Records excerpted from a collection:

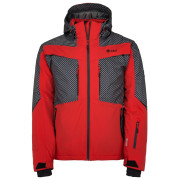 Veste de ski homme Kilpi Io M rouge RED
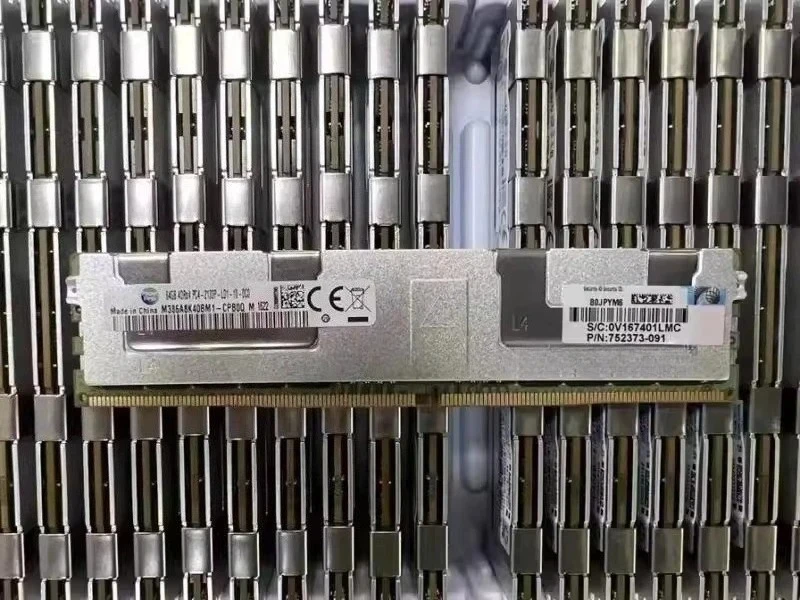 726724-B21 752373-091 774176-001 64G 4RX4 PC4-2133P-L Memory 
726724-B21 752373-091 774176-001 64G 4RX4 PC4-2133P-L Memory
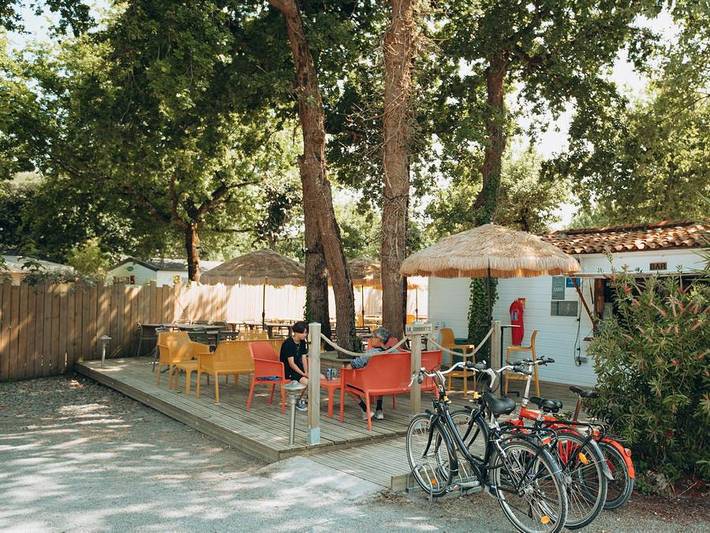 Camping pour 4 personnes
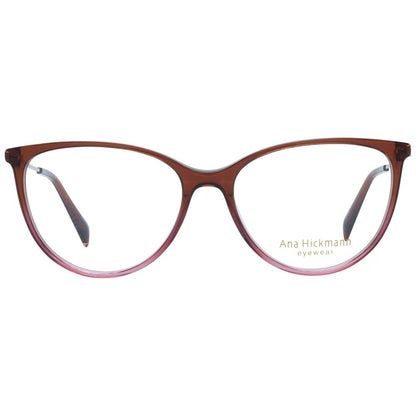 Ana Hickmann Brown Women Optical Frames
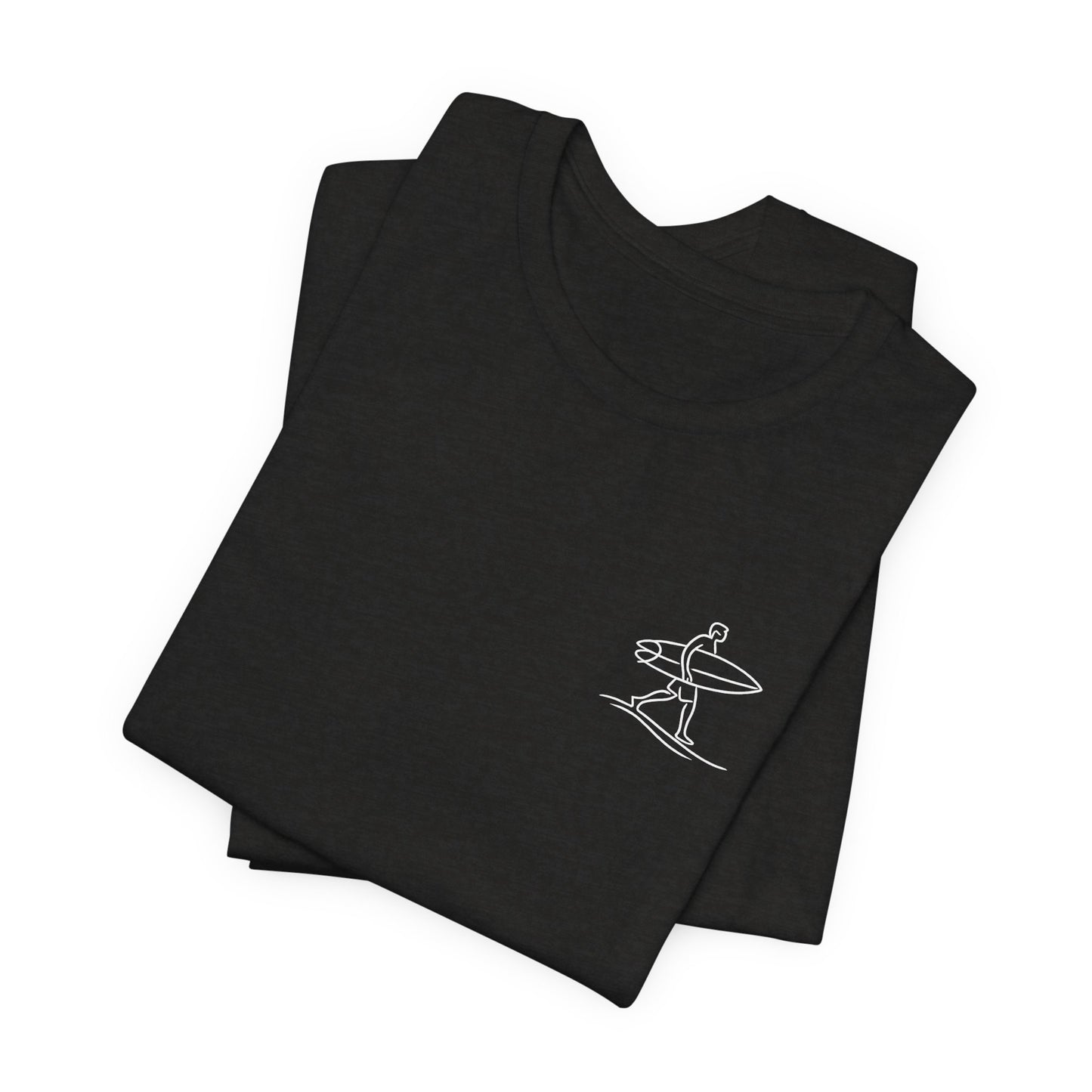 Copy of Live A Lot SURFER - Essential Tee – Bella+Canvas 3001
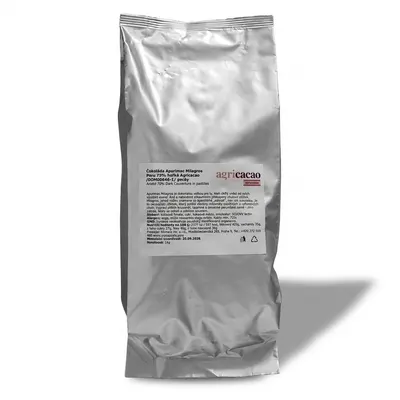 Hořká čokoláda 73 % Apurimac Milagros Peru, pecky 1 kg
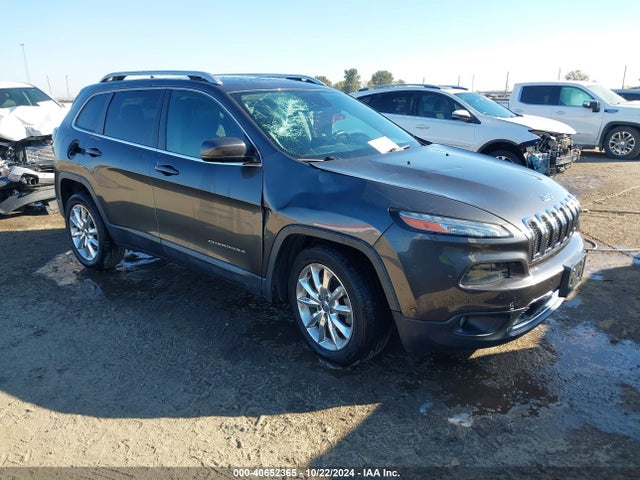 Jeep Cherokee Limited 2015 1C4PJLDS4FW696103 Image 1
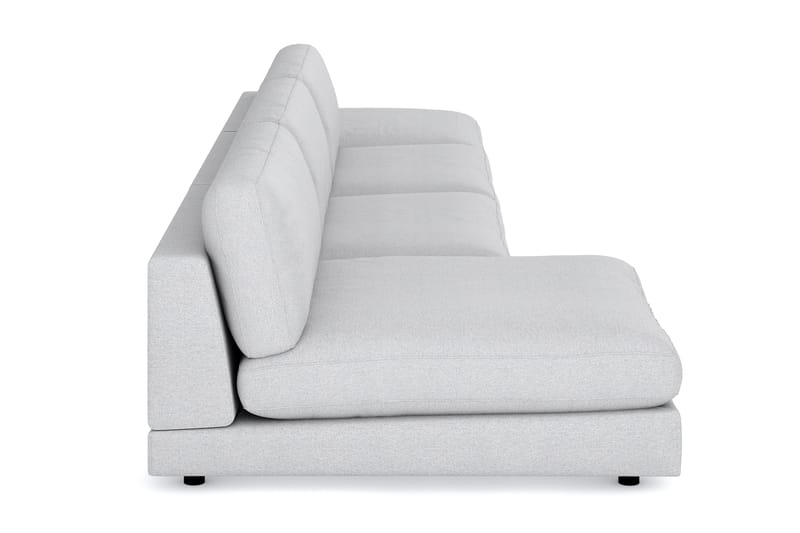 Arken 6-istuttava Käännettävä U-muotoinen Modulaarisohva Divaanilla + Rahi Kankaalla - Vaaleanharmaa - Huonekalut - Sohva - Moduulisohva - Moduulisohvakokonaisuus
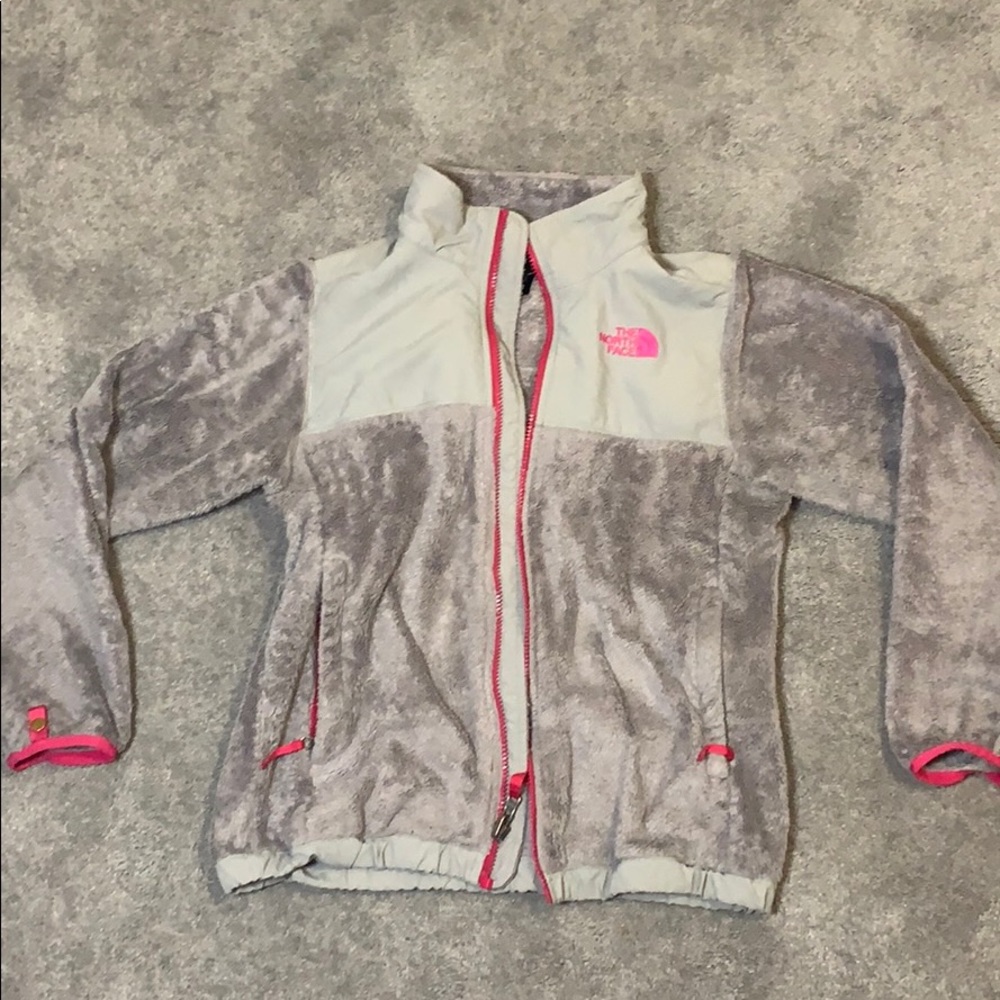north face fleece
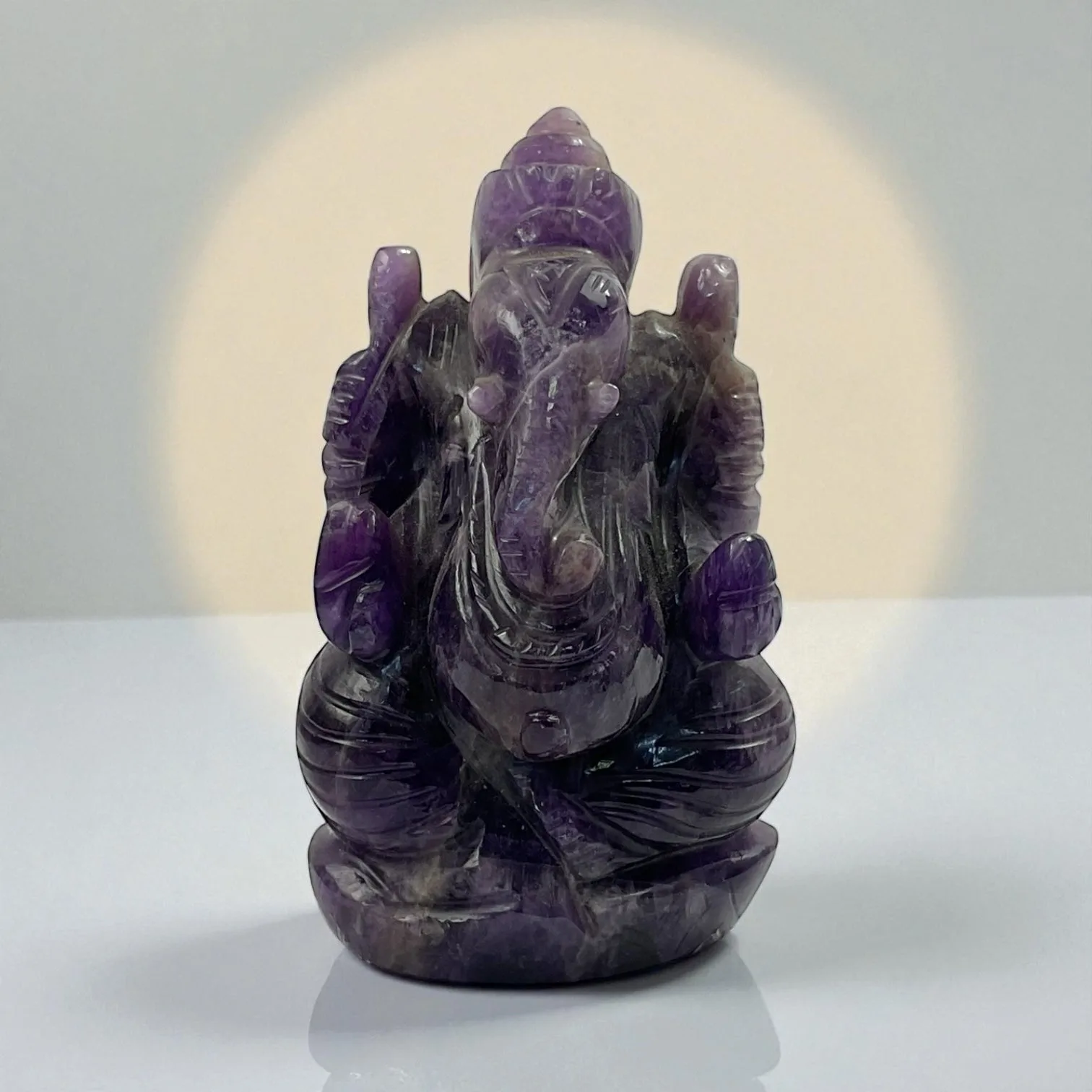 Amethyst Ganesha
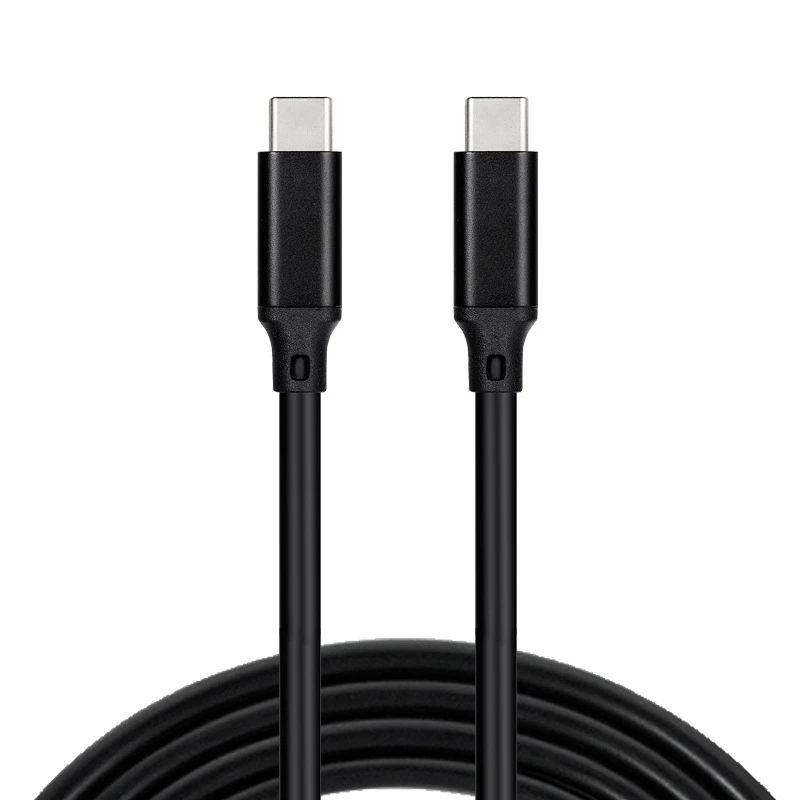 

Typec data cable 3.1ctoc male to male double male 5A100W16 core 10Gen2 full-featured 4K video cable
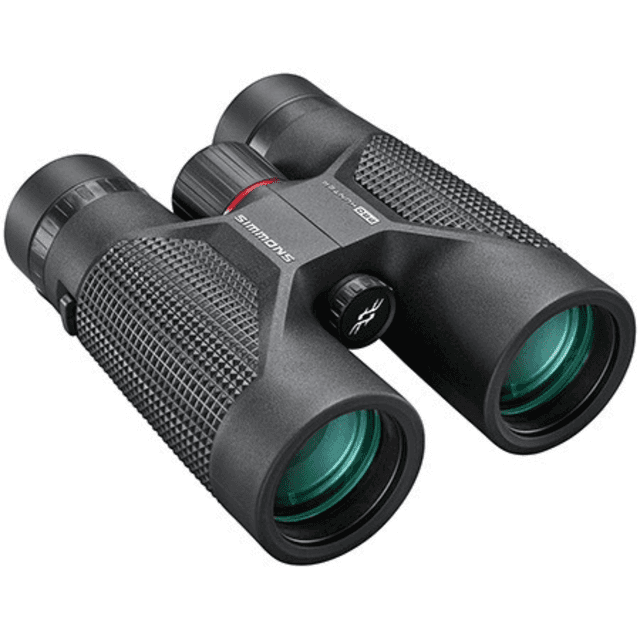 Simmons ProHunter Binoculars, Black Matte10x42mm IPX7 Waterproof / Fog-Proof - SPH1042 Simmons ProHunter Binoculars, Black Matte10x42mm IPX7 Waterproof / Fog-Proof - SPH1042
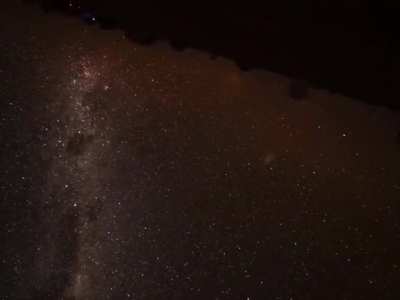 Full capture of rotation of the earth (r/nextfuckinglevel u/einsteins-grandson)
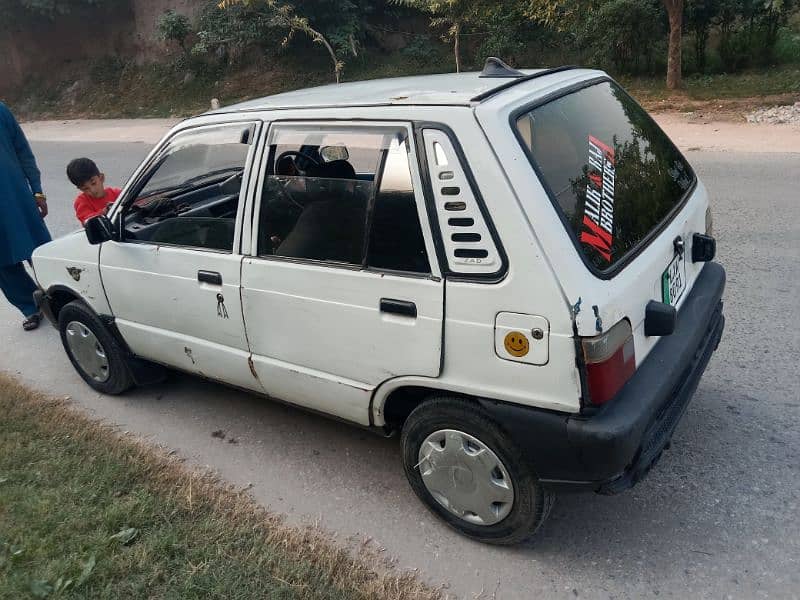 Suzuki Mehran VX 2001 2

What the task asks:
Transcribe every entry exactly. Leave out the pictures.

Solution to this exercise:
 Veste de ski homme Kilpi Io M rouge RED
 726724-B21 752373-091 774176-001 64G 4RX4 PC4-2133P-L Memory 
726724-B21 752373-091 774176-001 64G 4RX4 PC4-2133P-L Memory
 Camping pour 4 personnes
 Ana Hickmann Brown Women Optical Frames
 Copy of Live A Lot SURFER - Essential Tee – Bella+Canvas 3001
 Hořká čokoláda 73 % Apurimac Milagros Peru, pecky 1 kg
 Jeep Cherokee Limited 2015 1C4PJLDS4FW696103 Image 1
 Arken 6-istuttava Käännettävä U-muotoinen Modulaarisohva Divaanilla + Rahi Kankaalla - Vaaleanharmaa - Huonekalut - Sohva - Moduulisohva - Moduulisohvakokonaisuus
north face fleece
 Amethyst Ganesha

Typec data cable 3.1ctoc male to male double male 5A100W16 core 10Gen2 full-featured 4K video cable
 Simmons ProHunter Binoculars, Black Matte10x42mm IPX7 Waterproof / Fog-Proof - SPH1042 Simmons ProHunter Binoculars, Black Matte10x42mm IPX7 Waterproof / Fog-Proof - SPH1042
 Full capture of rotation of the earth (r/nextfuckinglevel u/einsteins-grandson)
 Suzuki Mehran VX 2001 2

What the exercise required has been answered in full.